Collection entries:
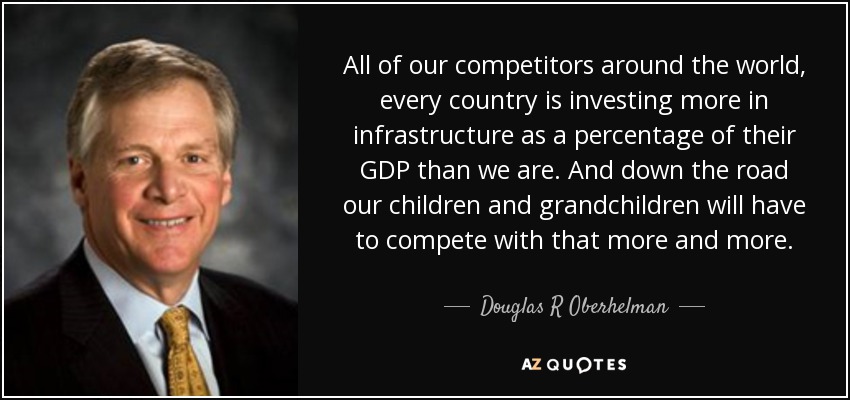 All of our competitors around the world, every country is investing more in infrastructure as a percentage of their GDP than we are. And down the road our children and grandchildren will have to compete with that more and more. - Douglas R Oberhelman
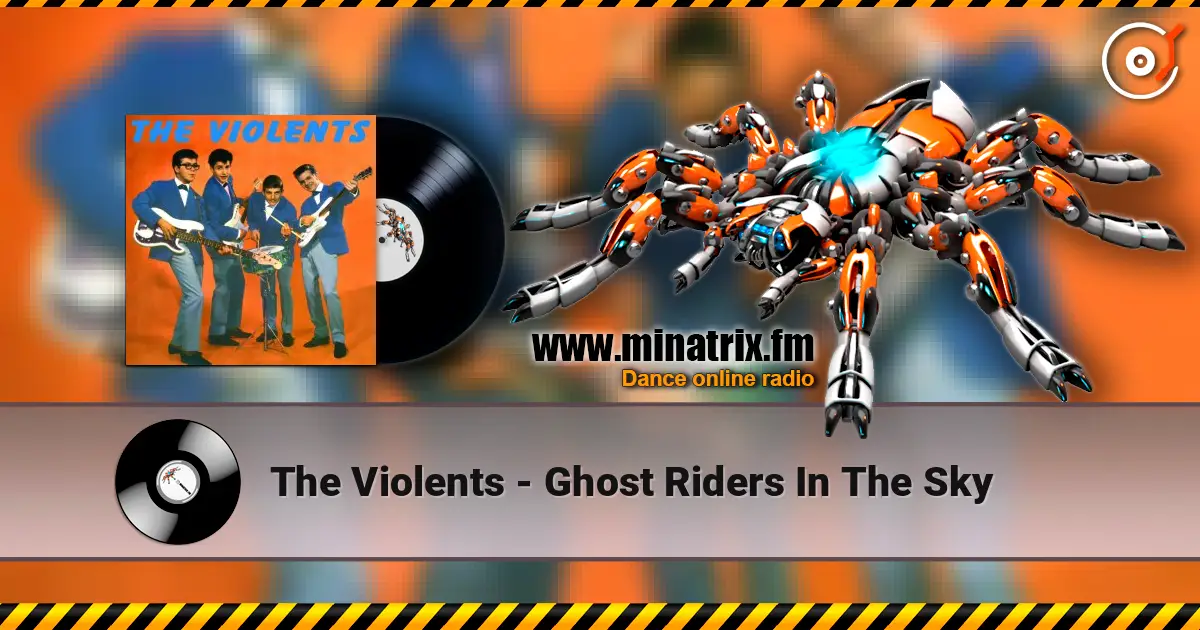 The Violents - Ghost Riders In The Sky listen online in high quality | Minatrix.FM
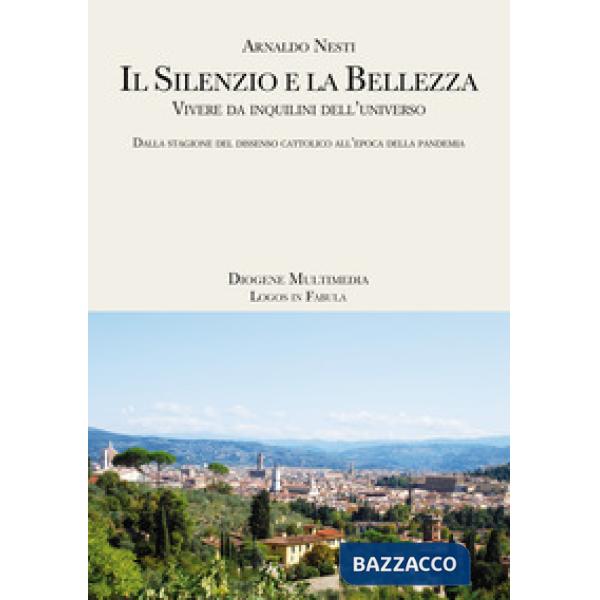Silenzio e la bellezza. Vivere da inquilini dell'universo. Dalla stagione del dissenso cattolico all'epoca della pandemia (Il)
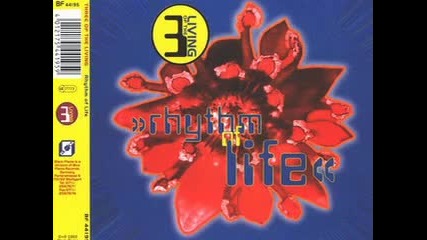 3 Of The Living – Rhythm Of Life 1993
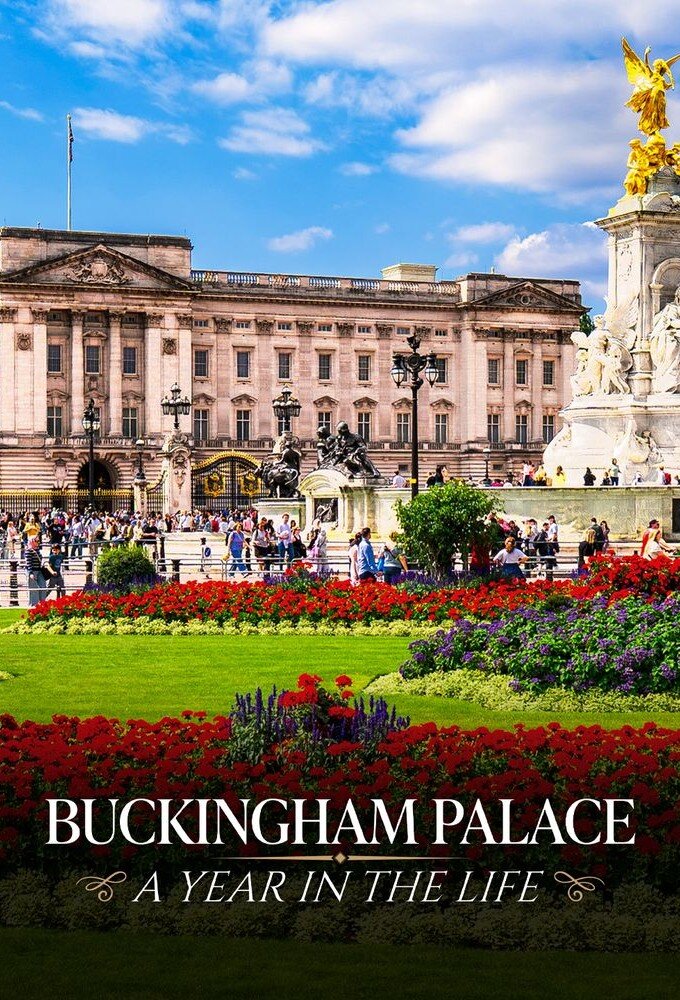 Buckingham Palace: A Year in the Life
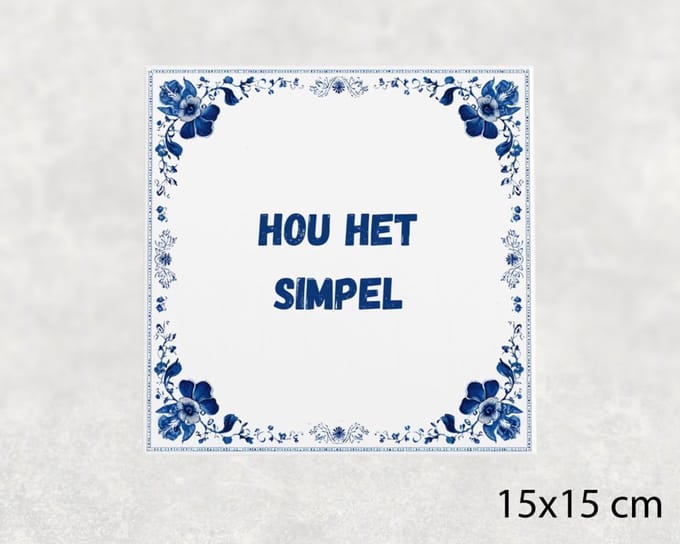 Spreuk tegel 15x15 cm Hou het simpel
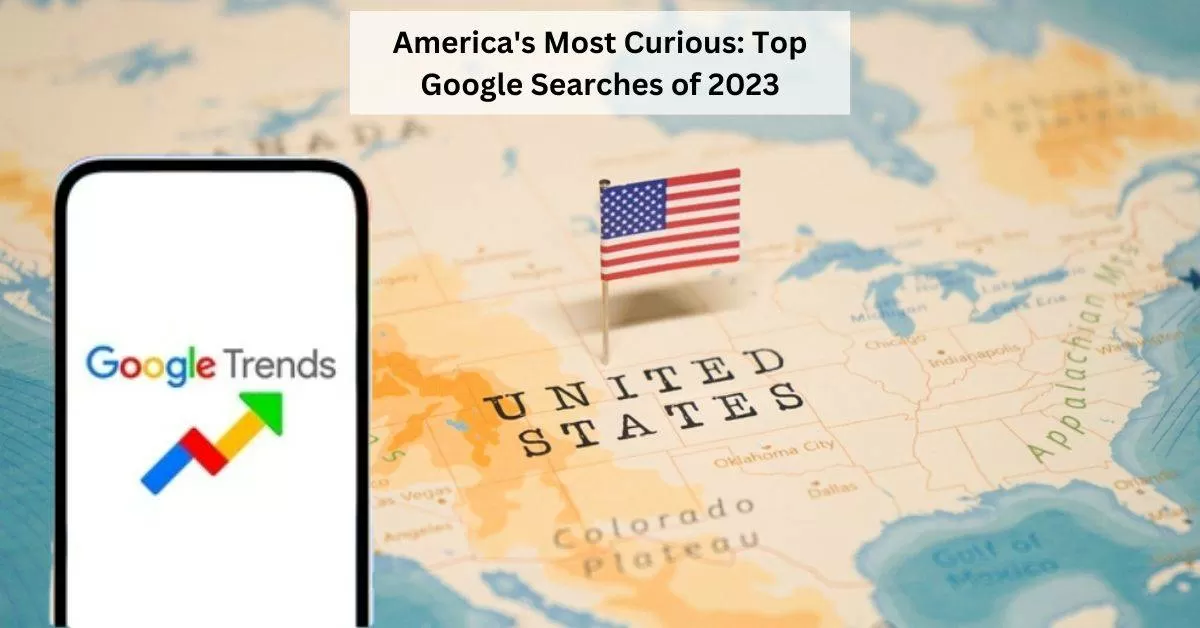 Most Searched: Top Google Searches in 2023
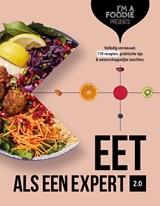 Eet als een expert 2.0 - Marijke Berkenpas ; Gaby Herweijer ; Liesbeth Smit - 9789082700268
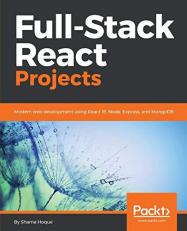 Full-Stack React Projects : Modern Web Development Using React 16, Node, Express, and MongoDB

• [WHAT TO WORK ON]: Without the pictures, transcribe the lines from the one containing "Most Searched: Top Google Searches in 2023" through the end of the data, exactly and only those.

• [ANSWER SPACE]:
 Most Searched: Top Google Searches in 2023
 Eet als een expert 2.0 - Marijke Berkenpas ; Gaby Herweijer ; Liesbeth Smit - 9789082700268
 Full-Stack React Projects : Modern Web Development Using React 16, Node, Express, and MongoDB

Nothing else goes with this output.